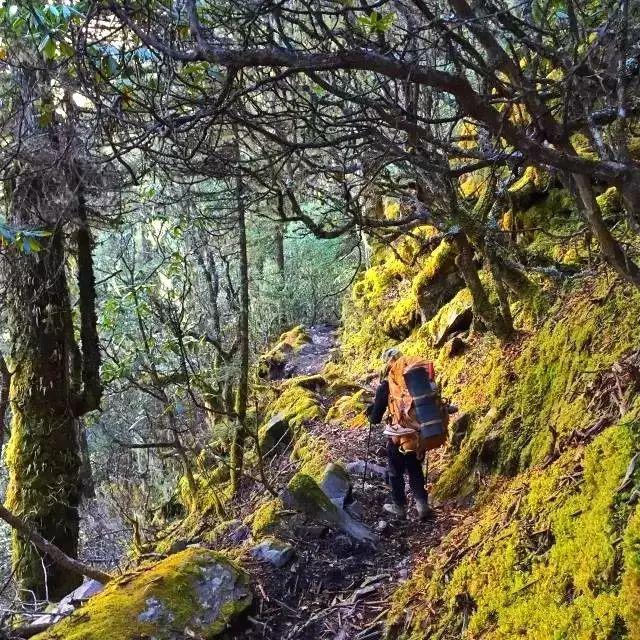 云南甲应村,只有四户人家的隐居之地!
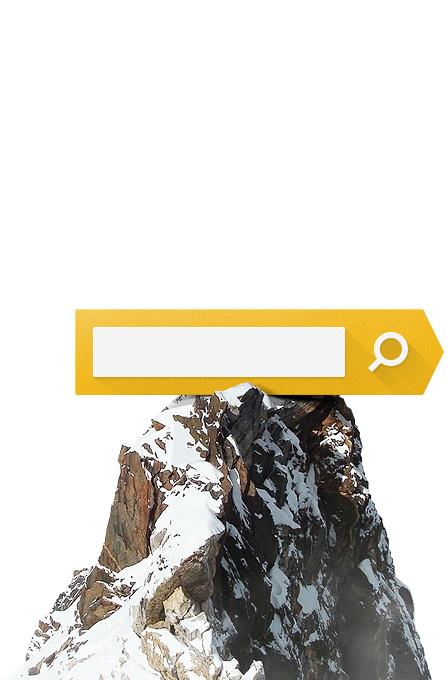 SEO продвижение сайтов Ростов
---
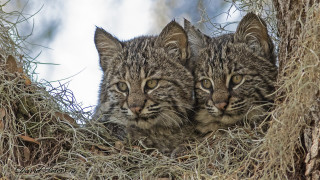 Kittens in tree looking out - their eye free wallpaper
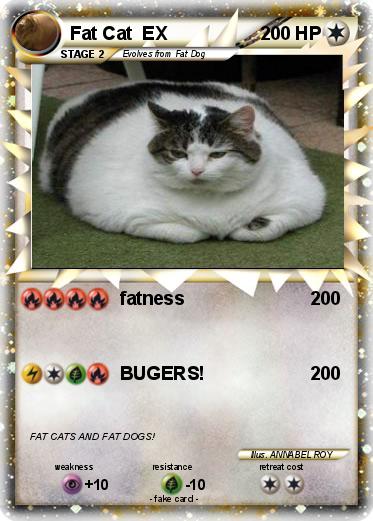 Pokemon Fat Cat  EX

**About this exercise**
Reproduce the listing above exactly from the line containing "Kittens in tree" up to and including the line containing "Pokemon Fat Cat", omitting any images and everything outside those lines.

**Answer area**
 Kittens in tree looking out - their eye free wallpaper
 Pokemon Fat Cat  EX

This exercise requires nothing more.